I wouldn't say that Americans with intelligence can't make it. It hasn't gotten that bad yet. Maybe some day soon though. The primary problem in America is the breakdown of the family, especially among the middle and lower classes.

I'm not a Communist like you guys. :-) What's wrong with commercial banks engaged in investment banking? Please explain.

 
At 11:23 AM, June 27, 2006 , Blogger Reign of Reason said...

"Small business is what makes this country strong and we need more of them and less of the Giants."

FAR we are in complete agreement... Small business is the hot-bed of innovation and creativity in this society. Small business leaders live and die by their decisions.

The problem is that big-corp America essentially owns the government, and continues to stack the deck in their favor. As II points out, they are part of the good 'ole boy society where performance is not the issue: just who your friends are.

Until we get governors who reject this model and regulate the influence of corp America on government; foster small business growth, etc... well, we're not going anyway fast...

 
At 12:51 PM, June 27, 2006 , Blogger Intellectual Insurgent said...

BoB -

The reason there was a law prohibiting mixing the two was because of the Depression.
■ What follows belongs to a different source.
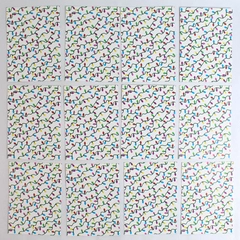 Lot of 25 Hot Off The Press Christmas Greeting Cards and Envelopes 1998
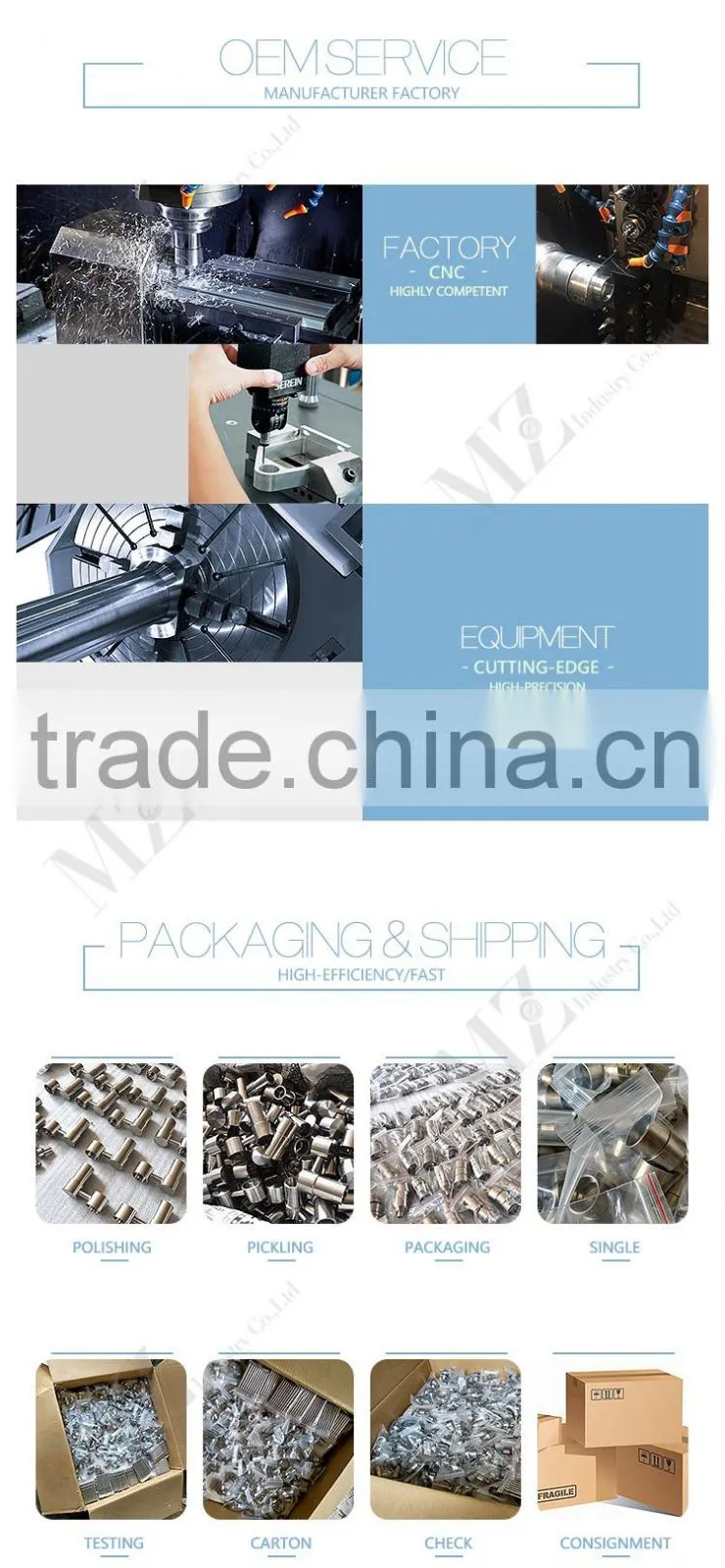 high strength gr5 titanium alloy M2.2 titanium spoke nipple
If I put $100 in my bank account and the bank takes that money and plays in the stock market, there could and did come a day when the market collapsed and there was no money left for the depositors.

That is the reason for FDIC as well but, with this government, I would be shocked if shit happens and the government actually protected the little guy.

 
At 2:02 PM, June 27, 2006 , Blogger bombsoverbaghdad said...

Ohhhhh. I see.

 
At 5:23 PM, July 22, 2006 , Blogger Brent said...

This comment has been removed by a blog administrator.

 
At 5:25 PM, July 22, 2006 , Blogger Brent said...

This comment has been removed by a blog administrator.

 
At 5:28 PM, July 22, 2006 , Blogger Brent said...

Great blog...I've lurked occasionally for some time.

To respond to Capt. Fogg's comment...the boundaries between corporations and government only seem to have *become* nonexistent. They have, in fact, never existed at all. And this phenonmenon traces to something deeper: the notion of a free market -- as if government and business have ever been separate entities free from each other's influence.

Appropriate, smart regulation has always been a question of mature restraint. Right now, our culture lacks restraint in just about everything, including commerce. And so we see a market that has always been free doing the things that self restraint once caused us to opt, on our own volition, not to do.

The precepts for our circumstances have long waxed and waned throughout human history, but for a while, a healthy respect for this restraint disallowed rapacious behavior. These days, we lack that healthy respect.